Researchers found that a frequently used biomarker for heart injury has potential to help COVID-19 patients avoid hospitalization.
A study published Friday in the journal PLOS ONE investigated the diagnostic properties of the protein cardiac troponin and its potential for use in mainstream clinical practice to evaluate COVID-19 patients. The marker is already in clinical use in tests to evaluate patients for heart conditions.
Risk-stratifying -- identifying patients’ degree of risk for COVID-19 mortality -- is important in helping clinicians decide which patients need more medical attention and which patients can be safely discharged. Since COVID-19 seems to have the ability to affect people’s hearts, in addition to their lungs, looking for heart injury is essential. The literature shows that patients with heart injury have poorer COVID-19 prognoses than those with none.
Cardiac troponins, proteins that form part of the heart’s contractile machinery, are released into the bloodstream when the heart is damaged. They can be measured in a blood test that is widely used in the assessment of heart conditions, including heart attacks. Recent studies show that COVID-19 patients with elevated troponin levels are more likely to die or suffer adverse clinical outcomes than those with normal troponin levels. However, cardiac troponins are not commonly used in clinical practice to directly risk-stratify COVID-19 patients. This study sought to find out why.
Researchers retrospectively looked at the ability of a subtype of cardiac troponin -- high-sensitivity cardiac troponin T -- to predict which of 191 COVID-19 patients suffered mortality and which patients did not. Since in diverse patient populations factors other than heart damage can cause elevated troponin levels, they found that elevated troponin tests were inaccurate in predicting an individual patient’s risk of death. Thus, using cardiac troponin alone to risk-stratify patients is not advised.
Conversely, the researchers found that COVID-19 patients with normal cardiac troponin levels had very good prognoses.

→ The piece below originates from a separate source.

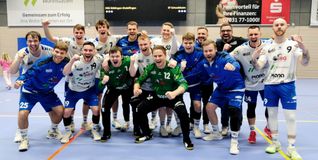 Die Handballer der HSG Böblingen/Sindelfingen feiern ihren 30:28-Heimerfolg gegen Schweikheim.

Since normal troponin levels may rule out illnesses and complications that put patients at high risk, this measure could potentially help identify low-risk patients.
As a high troponin level is not linked to a poor COVID-19 prognoses, it is unlikely to accurately identify a high-risk patient, the researchers concluded. Instead, they believe a normal troponin level may help rule out the risk of death. This might set the stage for future validation of the rule-out use of normal troponins and facilitate the use of troponin tests in the COVID-19 clinical arena.
“This study may be one small step towards clinical translation but potentially a giant leap for identifying the direction in which we need to go with COVID-19 risk-stratification,” Dr. Alexander Liu, a co-author and researcher at the University of St. Andrews School of Medicine, said in a statement. “The ultimate vision is to open up the possibility of using cardiac troponins to help doctors send patients home safely, reducing their risk of hospital exposure and potentially saving lives and millions for healthcare systems.”